In fact, we are witnessing a strange industrial idea: relaunching the “brand” while taking over the last official adventure of the character (eight years later, Martin Campbell will realize that he is all the same more convenient to start from the origins with Casino Royale, reboot model with a contemporary twist). Zorro is dead, long live Zorro: so much for the high-concept, this thing that 90s loved so much.
Don Diego’s batcave
And after that, it’s time to get down to business. Not so serious after all, since The Mask of Zorro is so obsessed with sounding old-fashioned that he sometimes resembles good old Mel Brooks. Here, the color of the skies systematically reflects the moods of the heroes, the stalls of the Mexican markets display the juiciest fruits seen since Genesis, and the big bad (who is called Mr. Love) collects the heads of his enemies to display them in huge jars filled with formalin.
However, it is never presented as a fetishistic style exercise, just as a formulation, a language in its own right. All this works very well because each cog in the production line benefits from extraordinary care. THE matte paintings, very visible, are beautiful to tears, each stone of Don Diego’s batcave was lovingly cut by some kind of genius, the silk of Banderas’ shirt sends shivers and certain waterfalls seem designed to make Jackie Chan scream with rage ( summit: Zorro jumping from the roof of the fourth floor to land like a charm on his horse, all captured in a single and inexplicable static shot). All this is of course guaranteed without digital images, but this is not a pre-Nolanian posture, simply obvious. This Zorro is not here to rant, just to have fun.
The end of an era
And yes, we don’t make films like that anymore. That’s the whole project, to make us feel that the curtain on the screen is going to fall. After the fun, the sword duels and the pirouettes, there will be a world that will be swallowed up. When old Don Diego de la Vega takes his last breath just after the final skirmish, it is the Titanic which sinks in dead silence for Cameron and the 20th century which tiptoes away.

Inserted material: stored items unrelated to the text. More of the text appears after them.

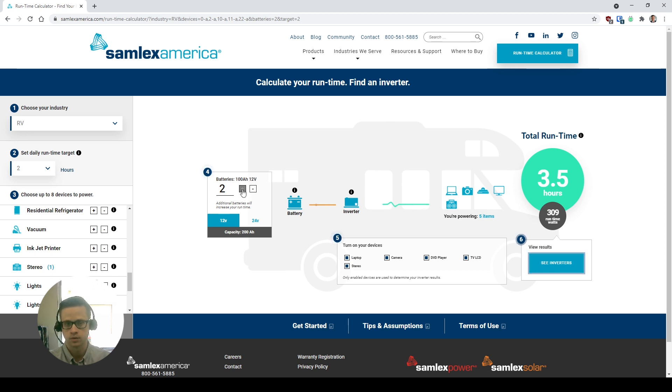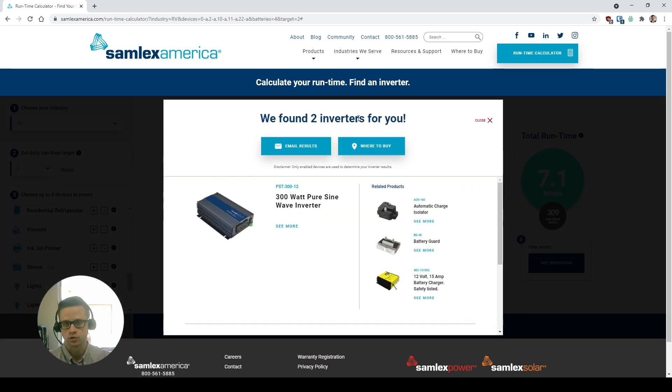We can even play with it and say, what if we added another couple of batteries? We're going to get longer runtime now. Next, we're going to see the results and what inverter this runtime calculator is actually going to recommend for us. So let's click that 'See Inverters' button.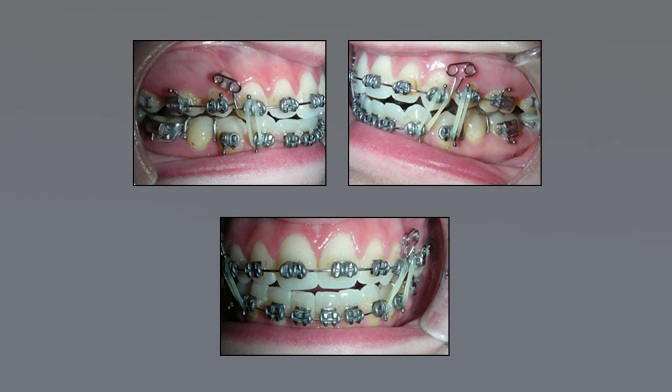The third part of that treatment is actually TMJ orthodontics, where we move the teeth together so that the teeth, the joints, and the muscles all work in harmony.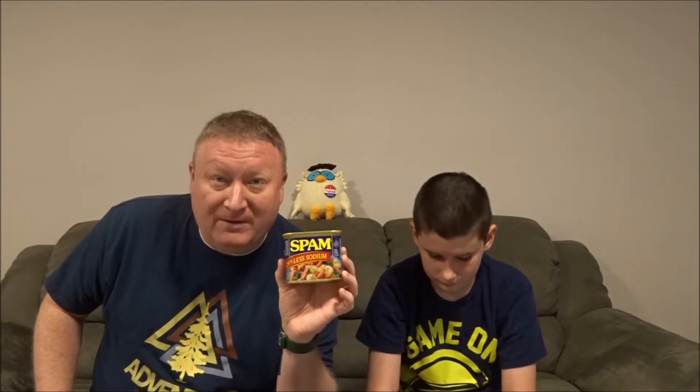It looks like a lot of people eat it by cooking it and chopping it up in like hash browns and eggs and stuff like that. So we are going to go grill it. I know I've seen this — it's kind of a joke — but I have never in my life had Spam. I know a lot of people like it.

The industrial intuition was the right one, adapting the last novel in the saga to give birth to a terminal object. The plan was followed to the letter. Made of a material that will never be used in films again, The Mask of Zorro yet seems barely aware of its melancholic grandeur. It is more and more palpable as he takes more of the bottle and we see that no one has dared to do something like this again.
25 years ago, Spielberg predicted the future of Antonio Banderas on the set of Zorro
Part of its beauty lies in that. We can then wonder, but not for long, about the existence of this late sequel (The Legend of Zorro in 2005 by more or less the same team) which methodically reversed the established course (by succumbing to one-upmanship, to winks, to digital technology, to branding fever). We can also pretend we’ve never heard of it (in fact you’ve all forgotten it) and watch The Mask of Zorro like an authentic one-shot, a story that fundamentally calls for no other.
At the end, the old Zorro is no more, and the new one preferred to become a dad, because it’s still less tiring. There is no longer any question of emerging out of the night and even less of running towards adventure at a gallop. The fox has returned to its burrow, soon everyone will have forgotten it.